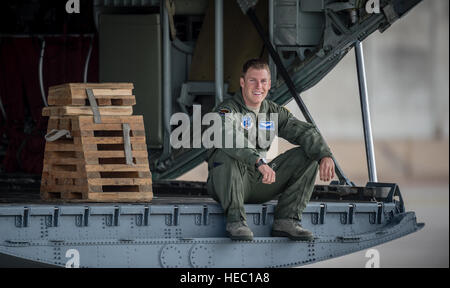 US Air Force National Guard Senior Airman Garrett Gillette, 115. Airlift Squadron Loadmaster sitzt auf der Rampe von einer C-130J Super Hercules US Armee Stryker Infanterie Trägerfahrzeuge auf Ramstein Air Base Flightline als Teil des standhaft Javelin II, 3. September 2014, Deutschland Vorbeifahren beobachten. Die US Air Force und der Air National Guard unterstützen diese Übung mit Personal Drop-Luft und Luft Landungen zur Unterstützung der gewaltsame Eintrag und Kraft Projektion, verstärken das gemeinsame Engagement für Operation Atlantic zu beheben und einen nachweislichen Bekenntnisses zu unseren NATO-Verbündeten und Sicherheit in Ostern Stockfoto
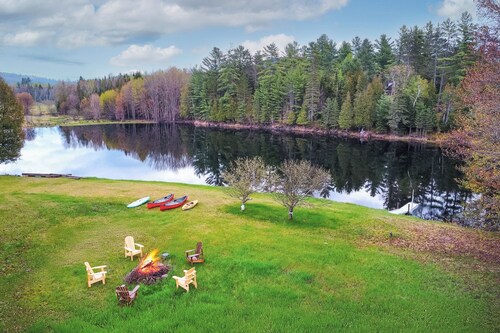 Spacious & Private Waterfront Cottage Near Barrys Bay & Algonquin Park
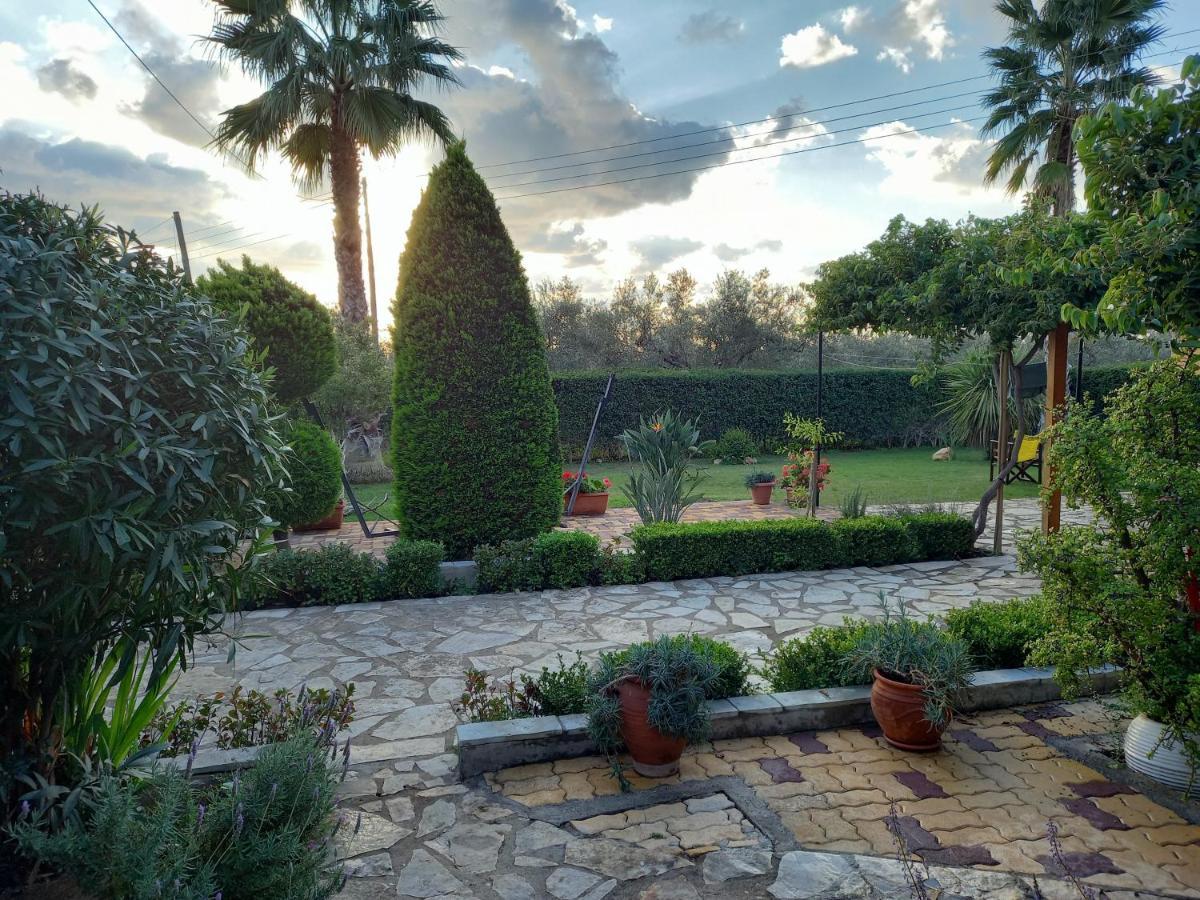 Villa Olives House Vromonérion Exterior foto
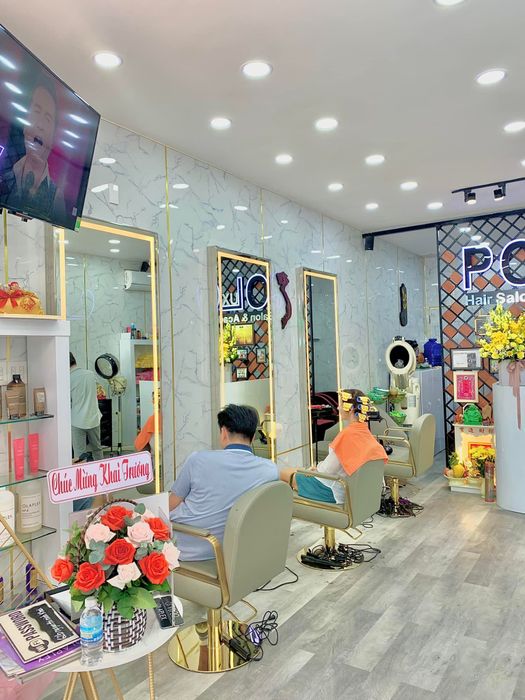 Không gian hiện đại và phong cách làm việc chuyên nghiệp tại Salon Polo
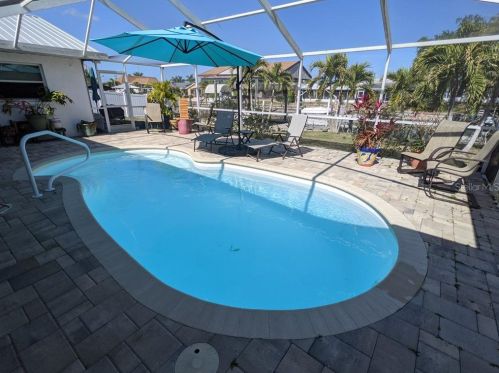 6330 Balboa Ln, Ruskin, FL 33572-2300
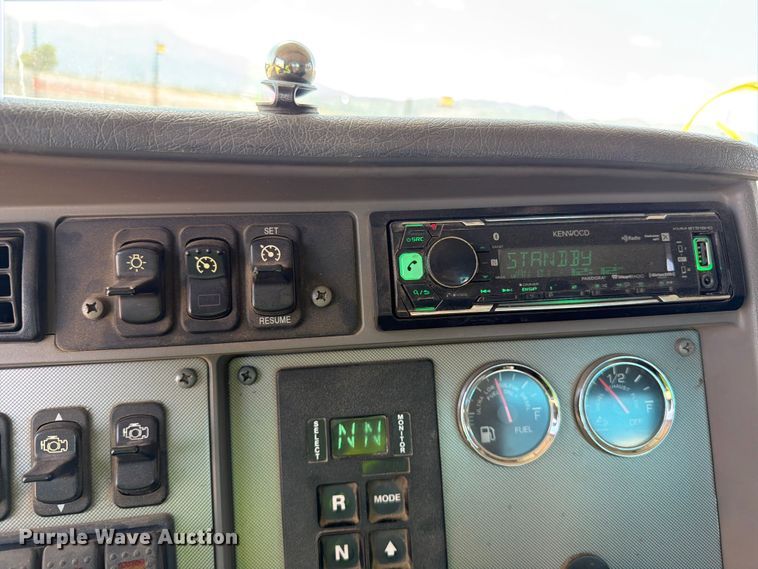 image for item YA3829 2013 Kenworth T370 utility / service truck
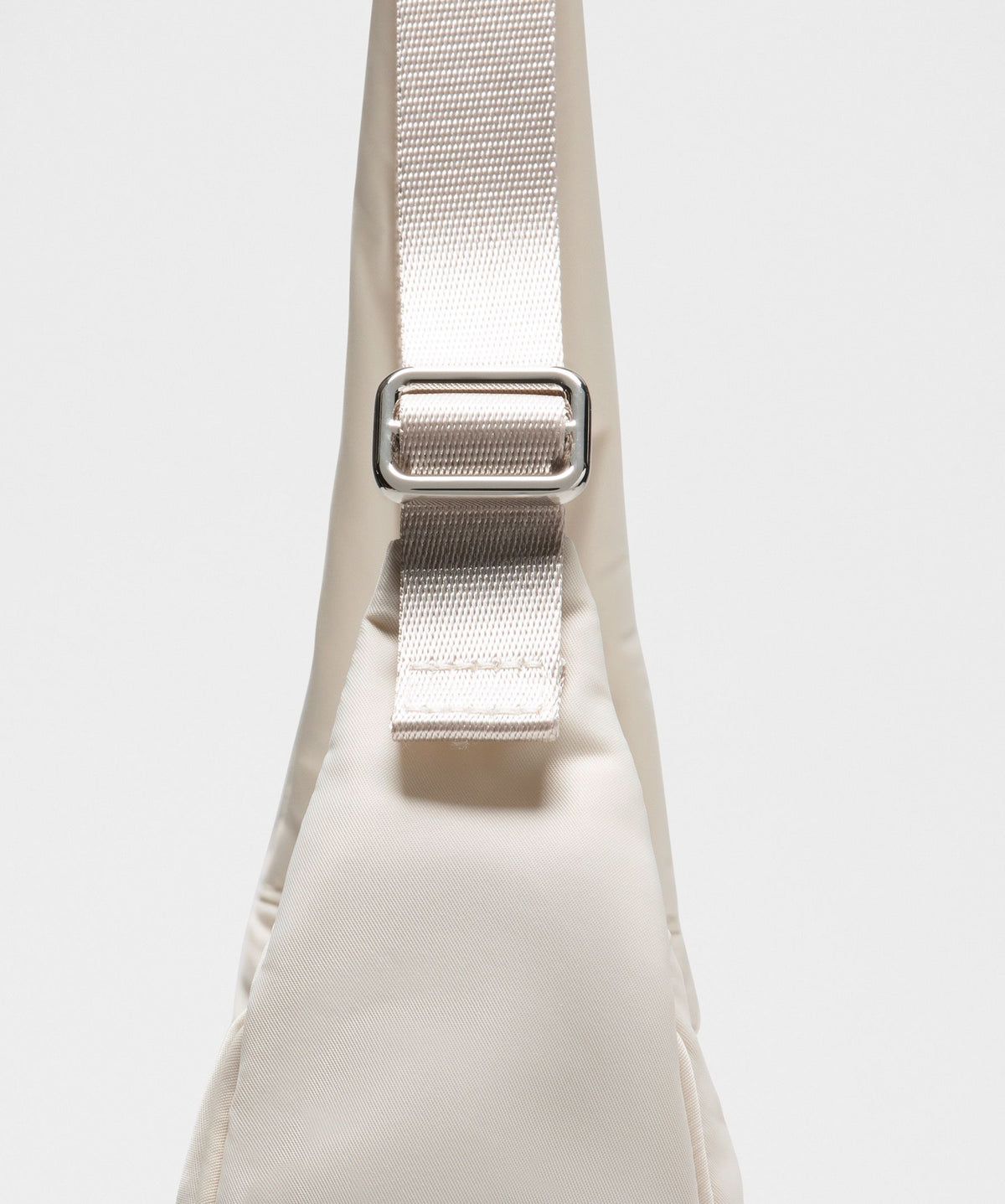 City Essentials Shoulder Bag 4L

...

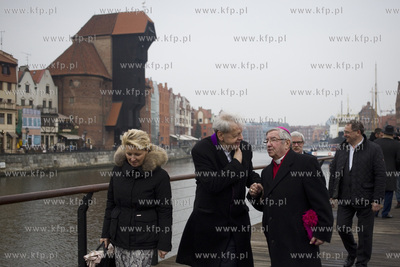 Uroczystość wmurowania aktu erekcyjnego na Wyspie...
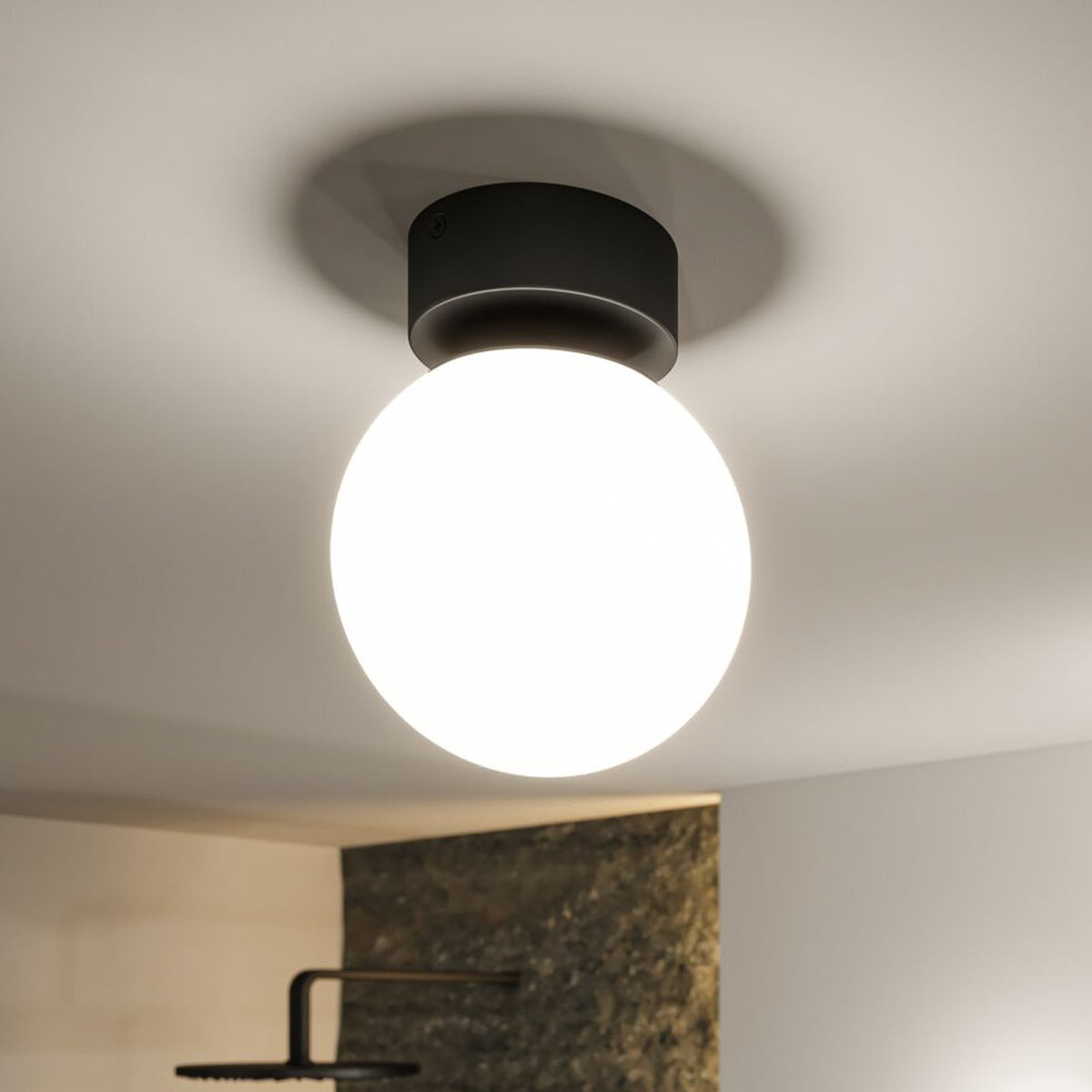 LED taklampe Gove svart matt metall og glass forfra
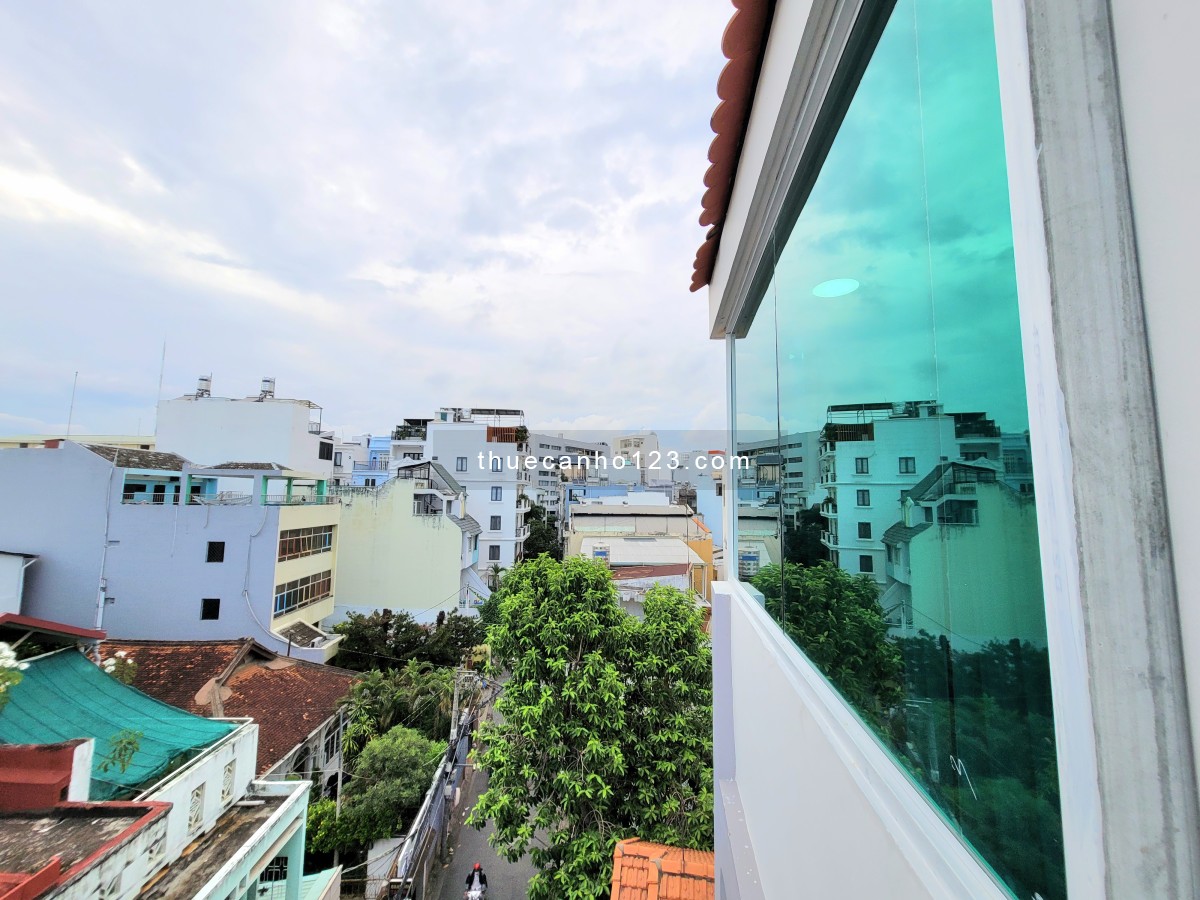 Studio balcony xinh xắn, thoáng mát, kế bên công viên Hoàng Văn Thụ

→ WORK TASK: Would you set down only the lines above from the line with "US Air Force National" to the line with "City Essentials Shoulder Bag 4L", both included, exactly as they stand and without the pictures?

→ ANSWER FOR THE TASK:
 US Air Force National Guard Senior Airman Garrett Gillette, 115. Airlift Squadron Loadmaster sitzt auf der Rampe von einer C-130J Super Hercules US Armee Stryker Infanterie Trägerfahrzeuge auf Ramstein Air Base Flightline als Teil des standhaft Javelin II, 3. September 2014, Deutschland Vorbeifahren beobachten. Die US Air Force und der Air National Guard unterstützen diese Übung mit Personal Drop-Luft und Luft Landungen zur Unterstützung der gewaltsame Eintrag und Kraft Projektion, verstärken das gemeinsame Engagement für Operation Atlantic zu beheben und einen nachweislichen Bekenntnisses zu unseren NATO-Verbündeten und Sicherheit in Ostern Stockfoto
 Spacious & Private Waterfront Cottage Near Barrys Bay & Algonquin Park
 Villa Olives House Vromonérion Exterior foto
 Không gian hiện đại và phong cách làm việc chuyên nghiệp tại Salon Polo
 6330 Balboa Ln, Ruskin, FL 33572-2300
 image for item YA3829 2013 Kenworth T370 utility / service truck
 City Essentials Shoulder Bag 4L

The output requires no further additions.